Leave out the pictures and output exactly the lines below from the one with "Dave Hiemstra" down to the one with "Pattern 4 by Osasere Edo-Jegede", both of them included.

=-=-=

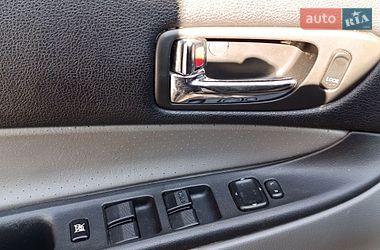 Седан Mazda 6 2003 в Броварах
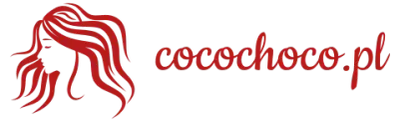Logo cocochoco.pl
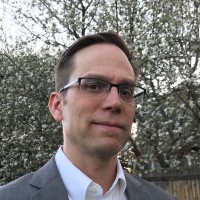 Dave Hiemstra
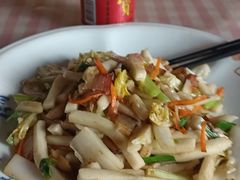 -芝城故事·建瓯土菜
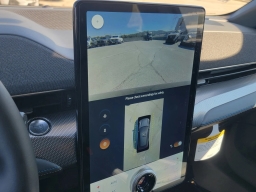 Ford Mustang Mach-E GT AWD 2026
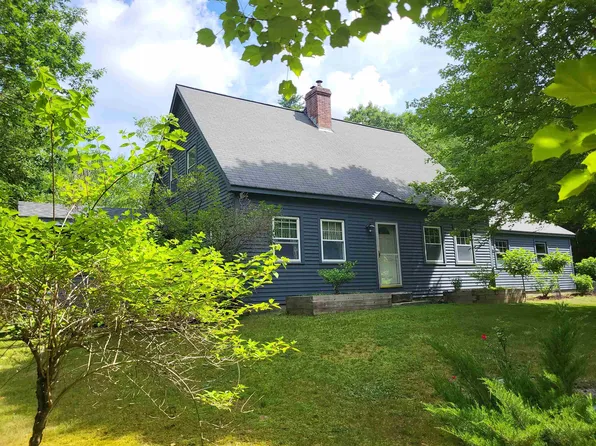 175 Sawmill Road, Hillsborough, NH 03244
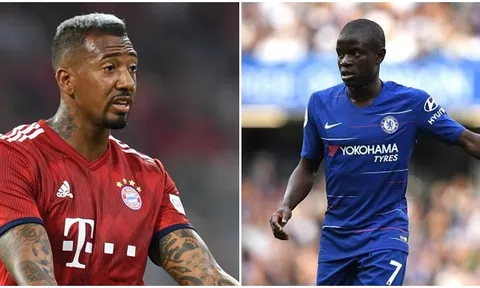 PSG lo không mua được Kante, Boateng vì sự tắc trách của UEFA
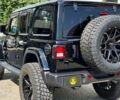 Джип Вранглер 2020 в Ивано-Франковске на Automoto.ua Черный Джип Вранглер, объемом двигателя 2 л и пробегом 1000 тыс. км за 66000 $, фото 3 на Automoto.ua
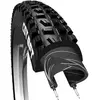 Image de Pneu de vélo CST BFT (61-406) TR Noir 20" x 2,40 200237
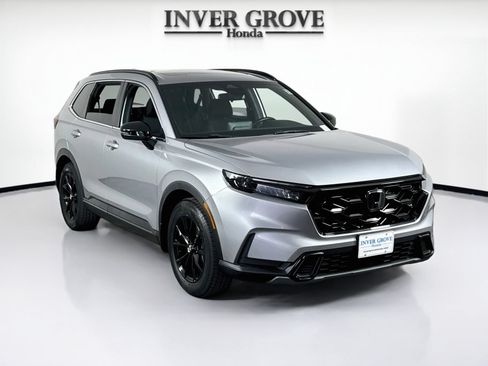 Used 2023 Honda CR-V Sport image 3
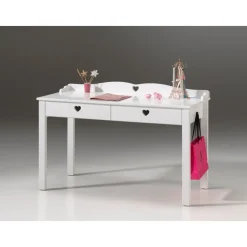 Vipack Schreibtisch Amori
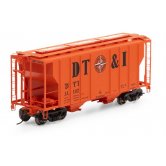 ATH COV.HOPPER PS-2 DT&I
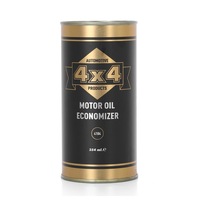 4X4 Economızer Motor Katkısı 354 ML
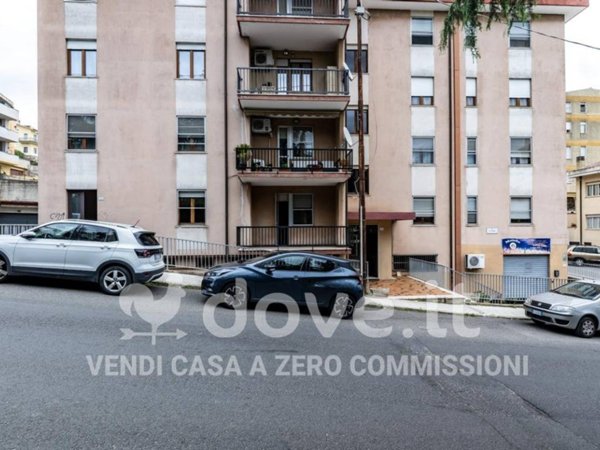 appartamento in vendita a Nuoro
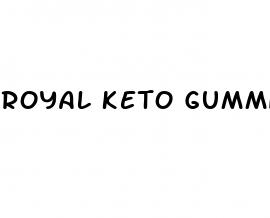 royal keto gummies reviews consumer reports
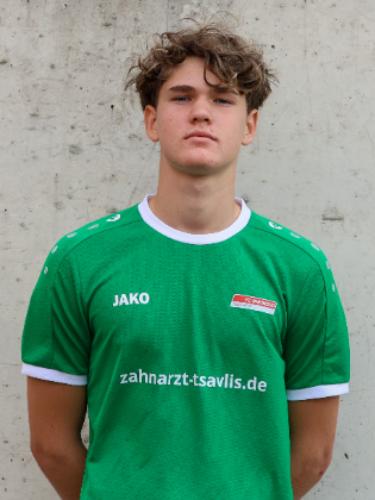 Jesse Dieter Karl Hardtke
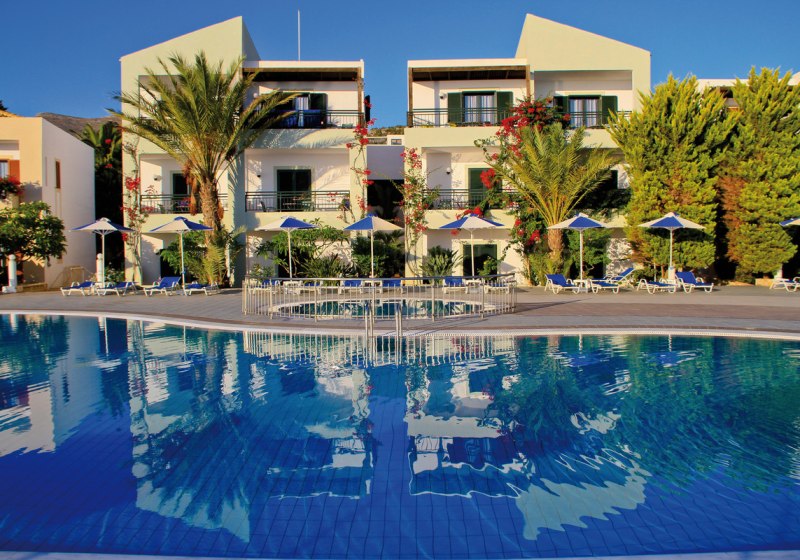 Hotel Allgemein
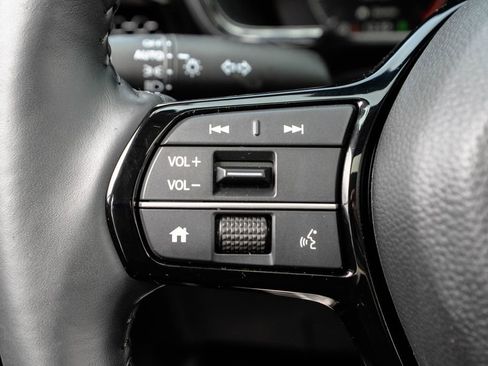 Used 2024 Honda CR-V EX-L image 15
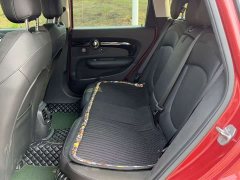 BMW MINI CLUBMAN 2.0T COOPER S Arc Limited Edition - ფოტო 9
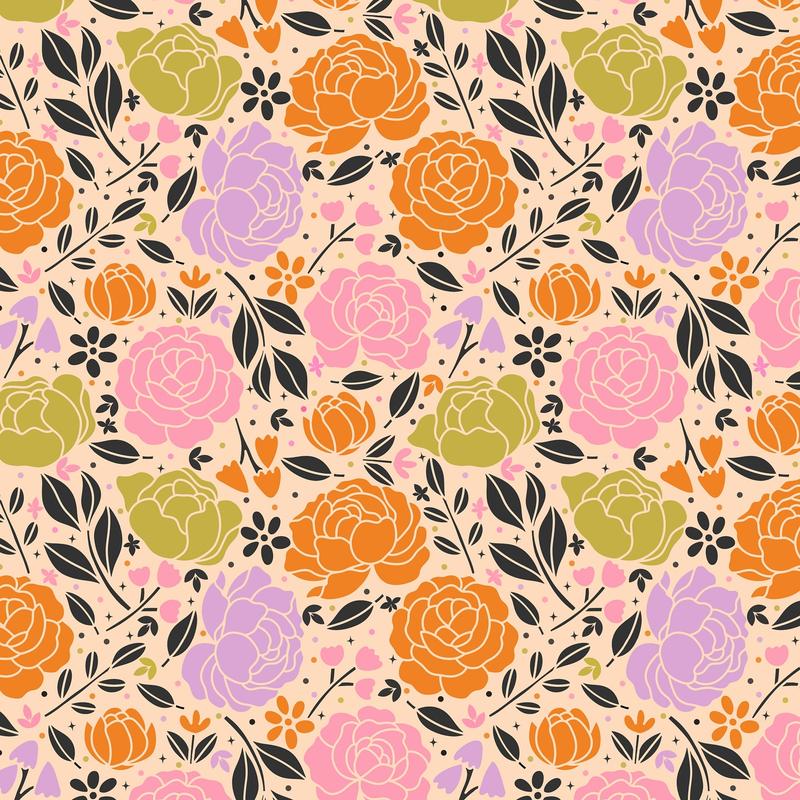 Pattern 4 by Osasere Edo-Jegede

=-=-=

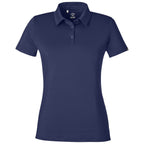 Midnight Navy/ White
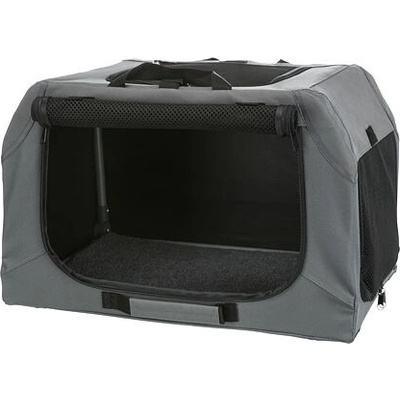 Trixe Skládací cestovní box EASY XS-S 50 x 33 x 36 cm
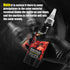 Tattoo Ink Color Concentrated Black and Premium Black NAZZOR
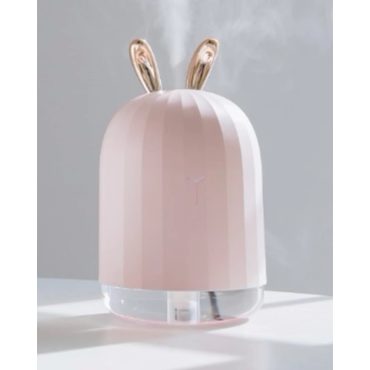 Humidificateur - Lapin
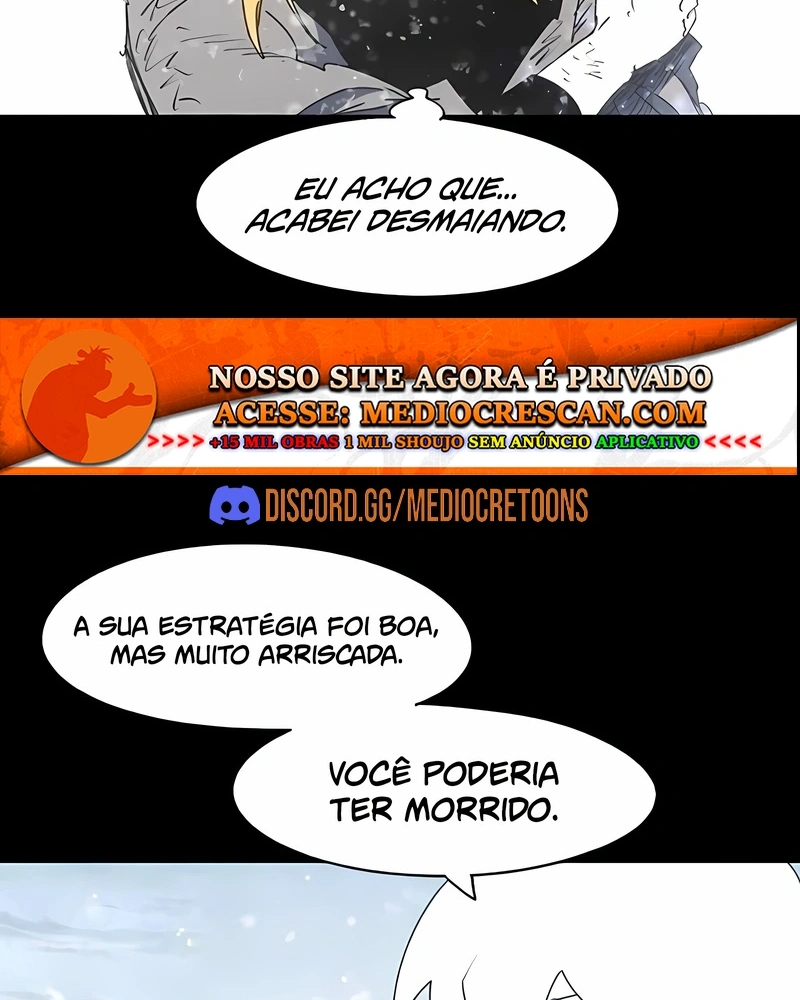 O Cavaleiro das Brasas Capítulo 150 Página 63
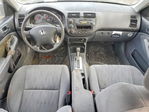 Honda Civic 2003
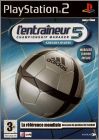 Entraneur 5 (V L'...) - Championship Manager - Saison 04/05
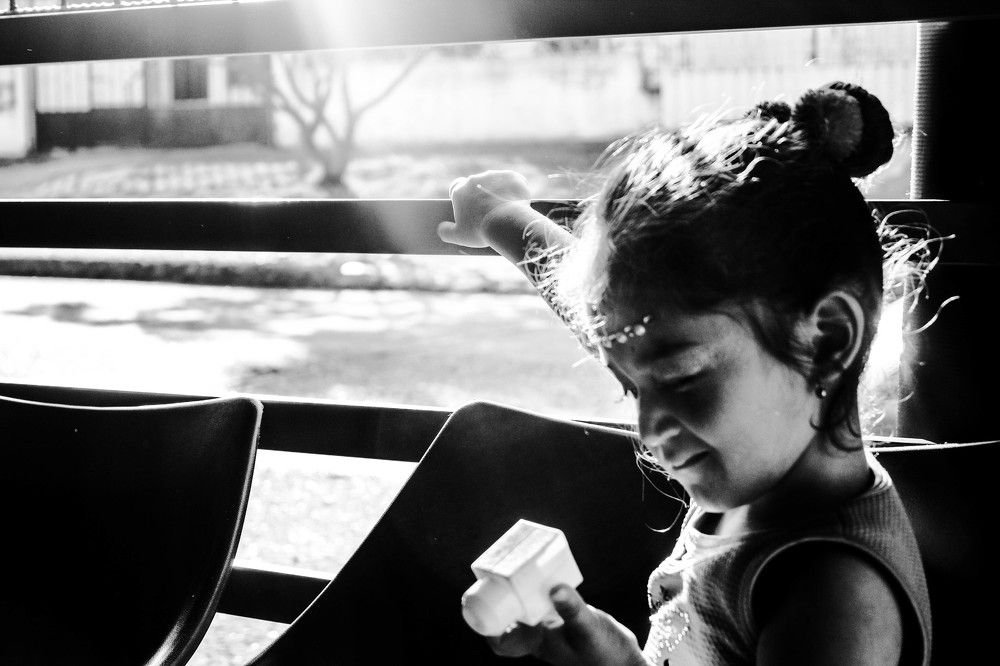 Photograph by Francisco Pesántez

=-=-=

### [Exercise answer]
 Dave Hiemstra
 -芝城故事·建瓯土菜
 Ford Mustang Mach-E GT AWD 2026
 175 Sawmill Road, Hillsborough, NH 03244
 PSG lo không mua được Kante, Boateng vì sự tắc trách của UEFA
 Джип Вранглер 2020 в Ивано-Франковске на Automoto.ua Черный Джип Вранглер, объемом двигателя 2 л и пробегом 1000 тыс. км за 66000 $, фото 3 на Automoto.ua
 Image de Pneu de vélo CST BFT (61-406) TR Noir 20" x 2,40 200237
 Used 2023 Honda CR-V Sport image 3
 Vipack Schreibtisch Amori
 ATH COV.HOPPER PS-2 DT&I
 4X4 Economızer Motor Katkısı 354 ML
 appartamento in vendita a Nuoro
 royal keto gummies reviews consumer reports
 Jesse Dieter Karl Hardtke
 Hotel Allgemein
 Used 2024 Honda CR-V EX-L image 15
 BMW MINI CLUBMAN 2.0T COOPER S Arc Limited Edition - ფოტო 9
 Pattern 4 by Osasere Edo-Jegede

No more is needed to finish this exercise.